PROBLEM REQUIREMENTS: In the entries below, begin at the line with "동원대 웹툰창작과, 대학만화 웹툰최강전 입선" and stop after the line with "ホワイトデー 和菓子【 送料無料！幸せのとろける生大福セット＜10個入＞ダブル】5種10個×2箱"; output those lines exactly and omit the pictures.

DATA SUPPLIED:
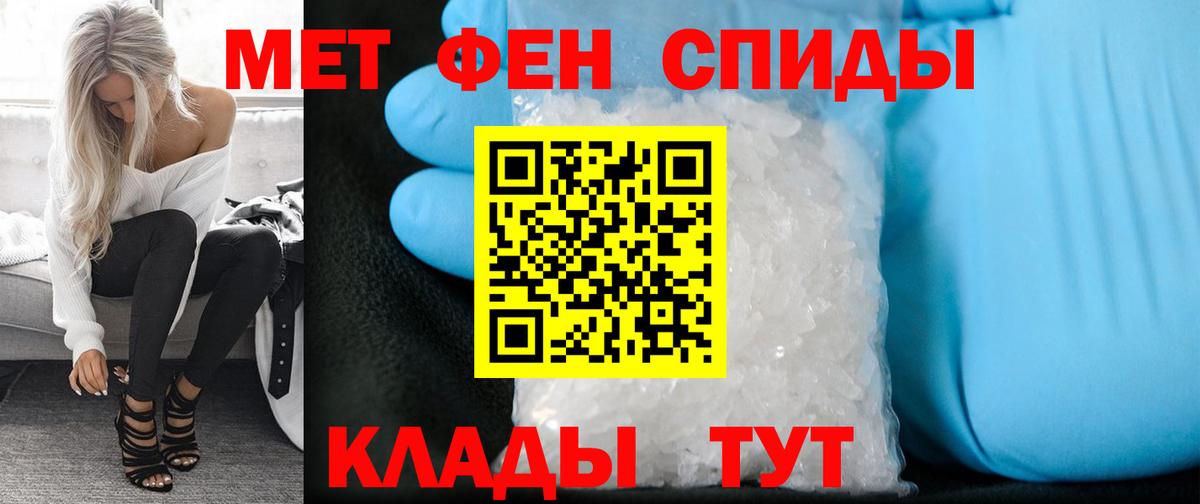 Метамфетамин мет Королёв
...
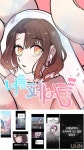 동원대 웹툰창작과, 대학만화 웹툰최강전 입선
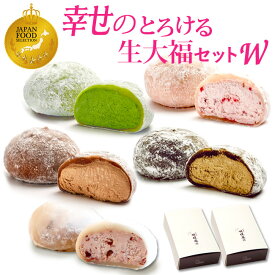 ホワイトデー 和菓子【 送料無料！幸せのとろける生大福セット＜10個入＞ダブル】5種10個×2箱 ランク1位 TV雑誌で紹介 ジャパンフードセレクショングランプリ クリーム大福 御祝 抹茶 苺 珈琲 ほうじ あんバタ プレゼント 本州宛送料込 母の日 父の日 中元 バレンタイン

WRITTEN SOLUTION:
 동원대 웹툰창작과, 대학만화 웹툰최강전 입선
 ホワイトデー 和菓子【 送料無料！幸せのとろける生大福セット＜10個入＞ダブル】5種10個×2箱 ランク1位 TV雑誌で紹介 ジャパンフードセレクショングランプリ クリーム大福 御祝 抹茶 苺 珈琲 ほうじ あんバタ プレゼント 本州宛送料込 母の日 父の日 中元 バレンタイン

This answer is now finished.